Water F. Otto's Dionysus: Myth and Cult is a difficult but extremely rewarding study not only of the god Dionysus but of myth and cult as well. The book is divided into two parts. The first looks at the meaning of myth and cult and their relationship, the second attempts to arrive at the essential characteristic of Dionysus. By no means should you skip the first part. In it Otto lays the groundwork for his penetrating analysis of the god. It is a scintillatingly brilliant and illuminatingly original exposition of the meaning and origins of myth and cult. Anyone interested in Greek religion or for that matter liturgy alone, should read it. Although written over forty years ago it will still challenge and startle. Otto is gifted with a poetic depth of perception and gnomic expressiveness worthy almost of Heraclitus. For example at one point he states: "The more alive this life becomes, the nearer death draws, until the supreme moment-the enchanted moment when something new is created-when death and life meet in an embrace of mad ecstasy."

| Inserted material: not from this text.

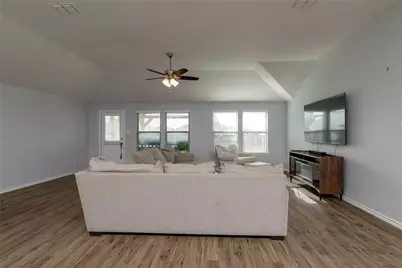 2525 Silver Fox Trail, Weatherford, TX 76087 - Photo 6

Otto holds that "The true visage of every true god is the visage of a world." In the second part he sets about discovering the form or visage of Dionysus. This he brilliantly lays out in chapters dealing with every aspect of the god. Chapters include: The Vine, The Somber Madness, Dionysus and the Element of Moisture, Dionysus and the Women, and Dionysus and Apollo. I will not attempt to recount his conclusions. Get the book and read them in Otto's lapidary language. Don't be put off from reading this book if you don't know Greek. While there are a fair number of untransliterated words, you can understand the meaning of the sentences from the context. However, be aware that this is not "lite" reading but a serious study that requires and will repay thought. The book itself is a handsome, sturdy paperback with glued signatures.
The author brings the immediate experience of Dionysus to the reader. In the first part, a general context is laid out. In the second, the stories of Dionysus are told, of a living presence. This immediacy makes the essay both powerful and compelling.